TASK INPUT
◆ ◆ ◆ ◆ ◆ ◆ ◆
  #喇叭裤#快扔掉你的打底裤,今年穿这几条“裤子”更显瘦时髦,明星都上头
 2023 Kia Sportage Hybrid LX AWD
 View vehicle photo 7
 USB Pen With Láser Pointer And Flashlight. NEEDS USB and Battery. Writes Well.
◆ ◆ ◆ ◆ ◆ ◆ ◆
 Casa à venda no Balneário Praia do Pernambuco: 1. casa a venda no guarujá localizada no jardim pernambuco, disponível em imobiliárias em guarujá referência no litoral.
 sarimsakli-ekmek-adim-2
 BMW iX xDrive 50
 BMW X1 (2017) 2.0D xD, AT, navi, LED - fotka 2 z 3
◆ ◆ ◆ ◆ ◆ ◆ ◆
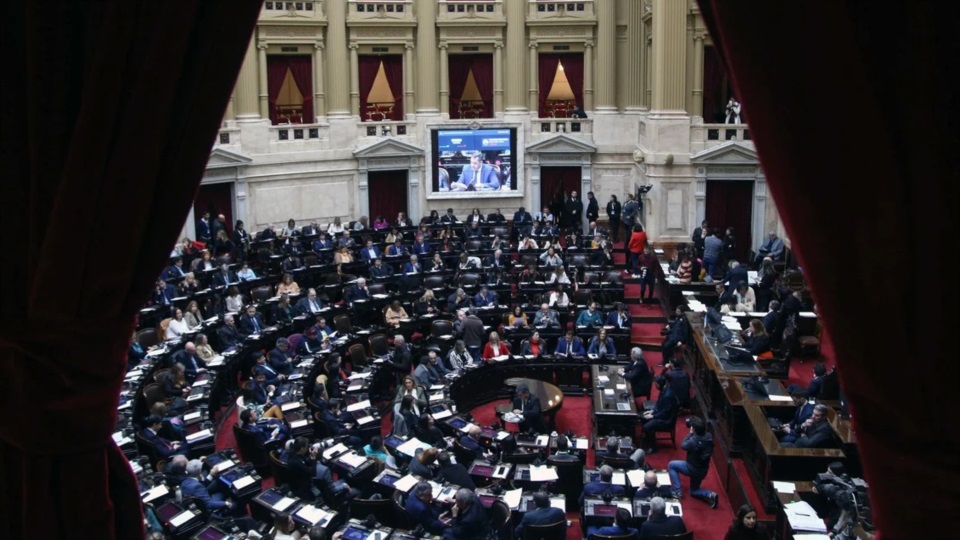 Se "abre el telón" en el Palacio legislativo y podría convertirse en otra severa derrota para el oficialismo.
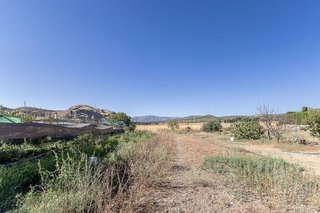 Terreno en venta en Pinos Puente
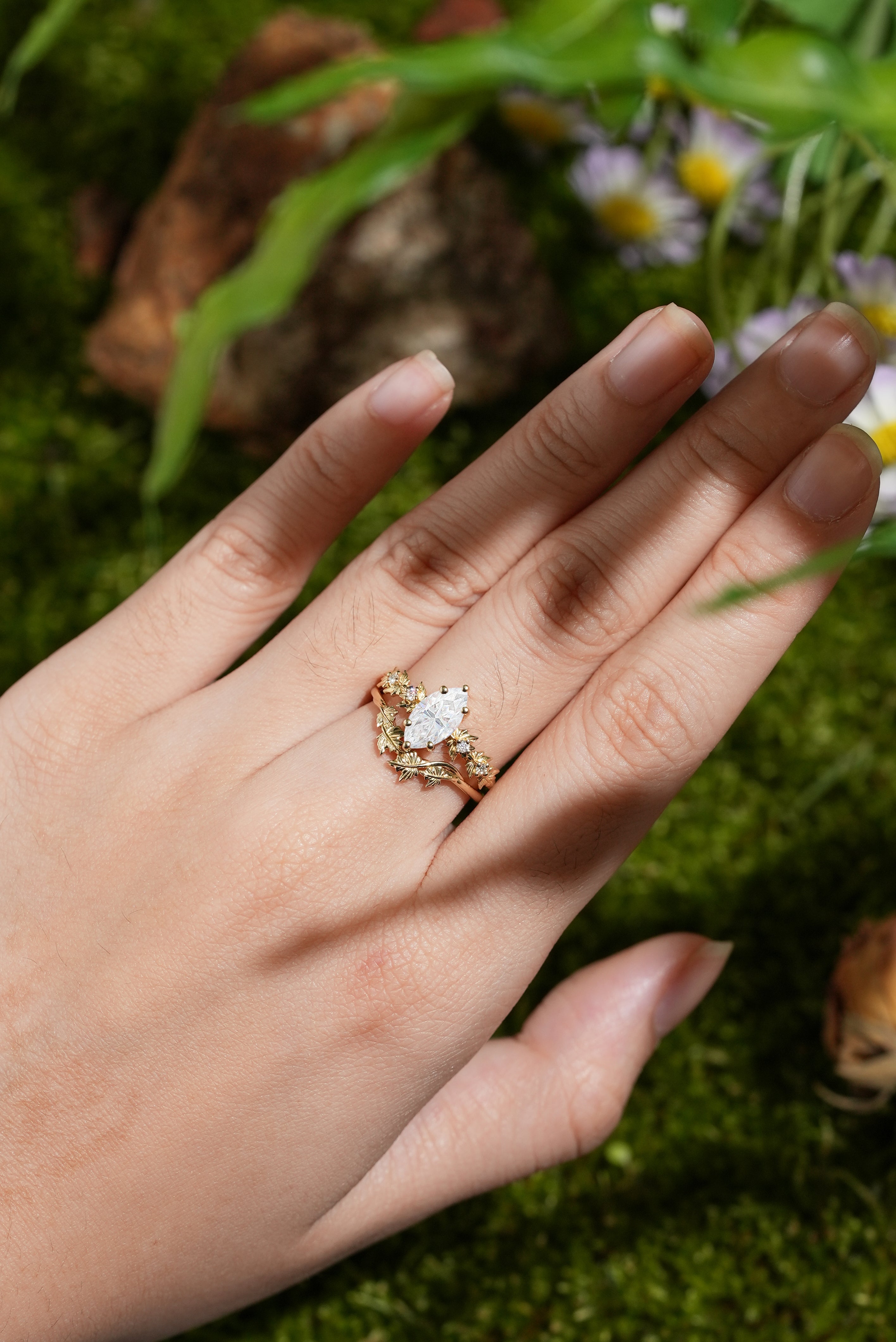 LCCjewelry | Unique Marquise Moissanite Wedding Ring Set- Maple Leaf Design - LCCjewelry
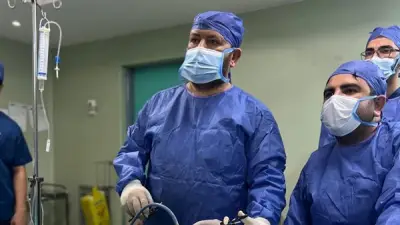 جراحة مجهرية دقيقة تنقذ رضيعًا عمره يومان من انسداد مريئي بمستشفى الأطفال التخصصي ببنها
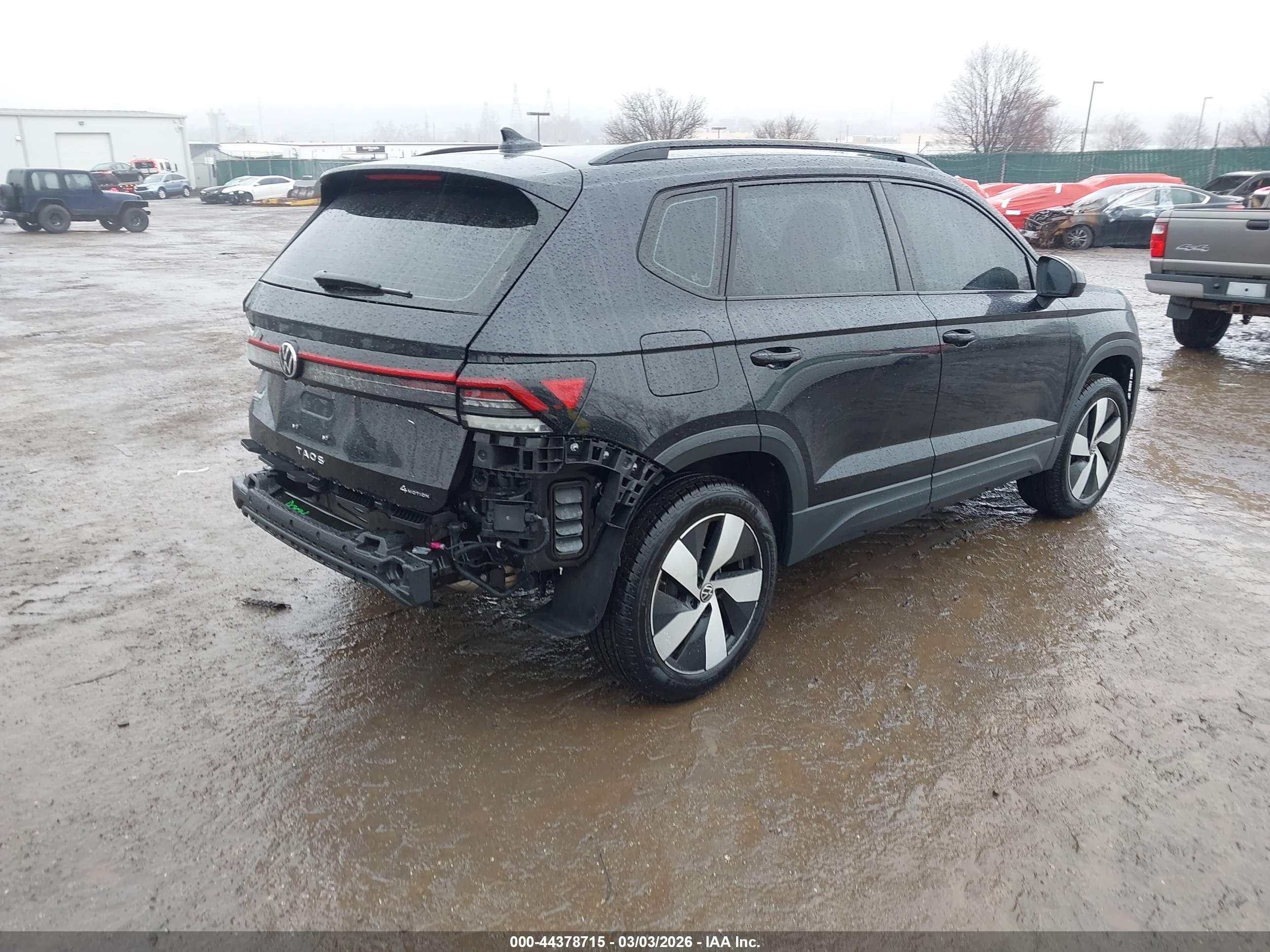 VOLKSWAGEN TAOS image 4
◆ ◆ ◆ ◆ ◆ ◆ ◆
GOAL OF THE EXERCISE
Beginning with the line above that has "Terreno en venta en Pinos Puente" and going on through the line that has "VOLKSWAGEN TAOS image 4", retype every line exactly and add nothing else; drop the pictures.

EXERCISE ANSWER
 Terreno en venta en Pinos Puente
 LCCjewelry | Unique Marquise Moissanite Wedding Ring Set- Maple Leaf Design - LCCjewelry
 جراحة مجهرية دقيقة تنقذ رضيعًا عمره يومان من انسداد مريئي بمستشفى الأطفال التخصصي ببنها
 VOLKSWAGEN TAOS image 4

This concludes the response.